WHAT IS REQUIRED ▸
The data below contains pictures, which are to be skipped; the lines starting at the line with "Chamada Fim de" and ending at the line with "Palette d'artiste - Pont-Aven" are to be output exactly, both ends included.

MATERIAL SUPPLIED ▸
-------------------------
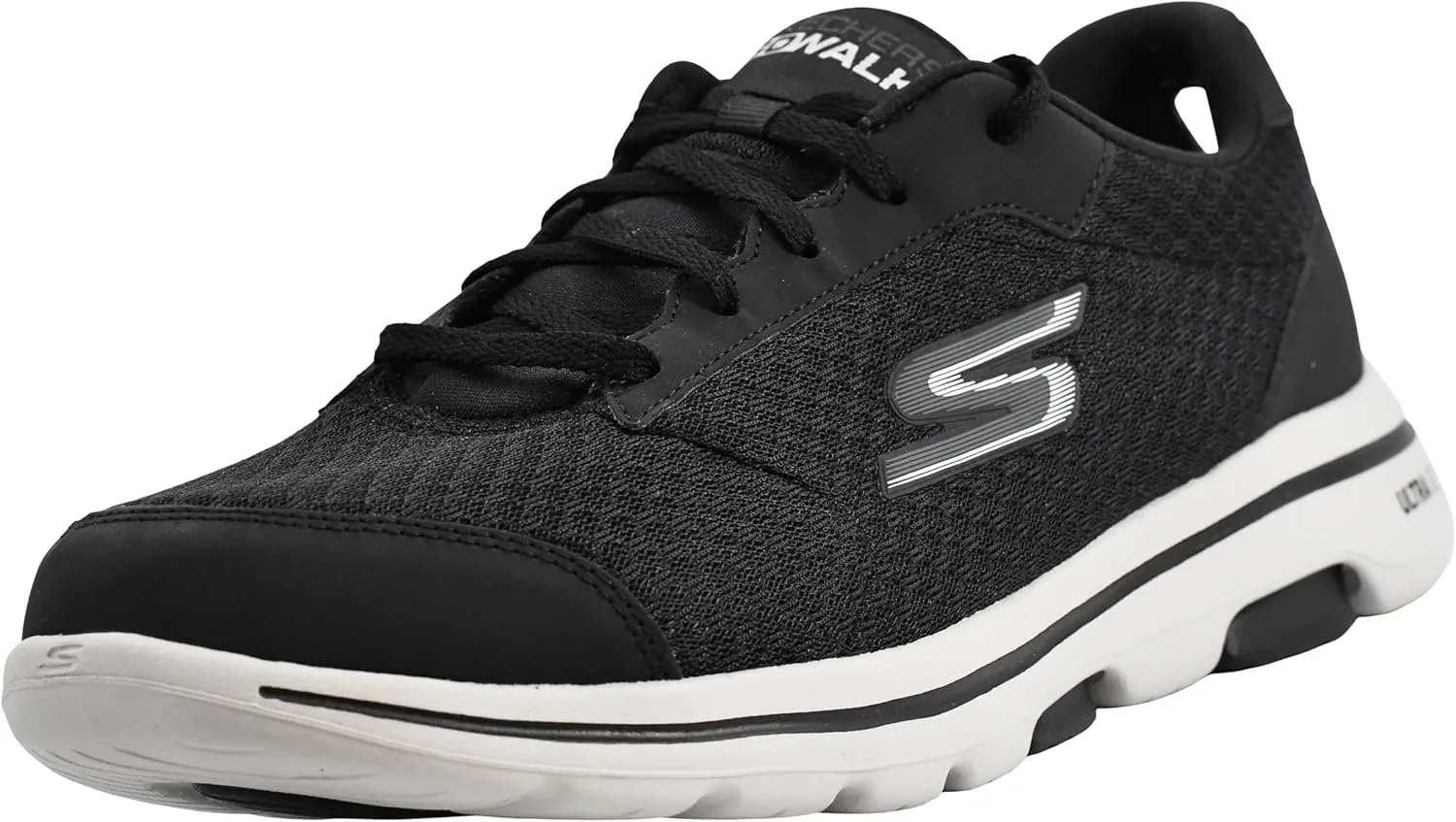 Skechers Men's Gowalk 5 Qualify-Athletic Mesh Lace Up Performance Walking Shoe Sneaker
-------------------------
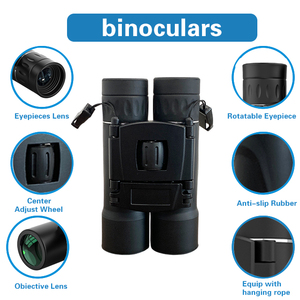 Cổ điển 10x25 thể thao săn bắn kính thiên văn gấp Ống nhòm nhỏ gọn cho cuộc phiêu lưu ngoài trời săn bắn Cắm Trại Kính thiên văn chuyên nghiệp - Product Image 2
-------------------------
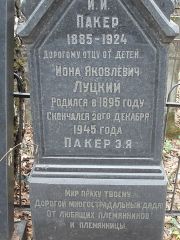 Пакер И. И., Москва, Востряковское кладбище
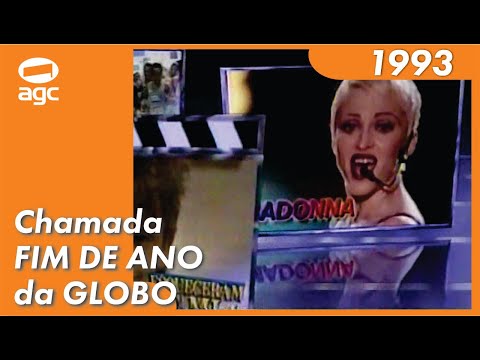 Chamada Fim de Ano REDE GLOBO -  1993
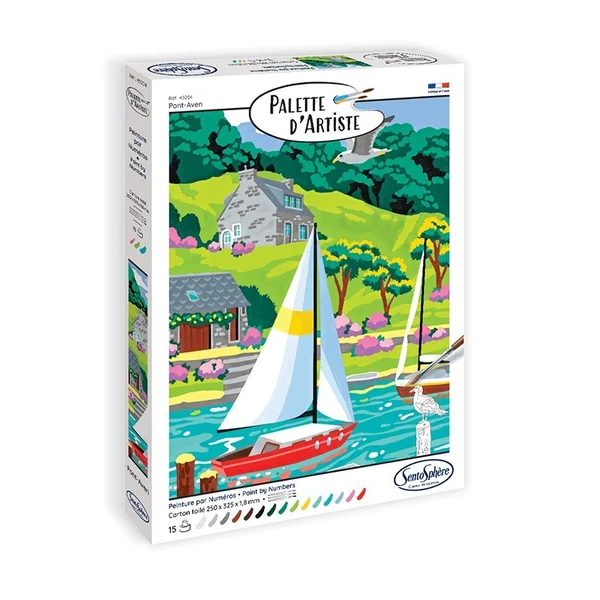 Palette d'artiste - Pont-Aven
-------------------------
RESULT OF THE EXERCISE ▸
 Chamada Fim de Ano REDE GLOBO -  1993
 Palette d'artiste - Pont-Aven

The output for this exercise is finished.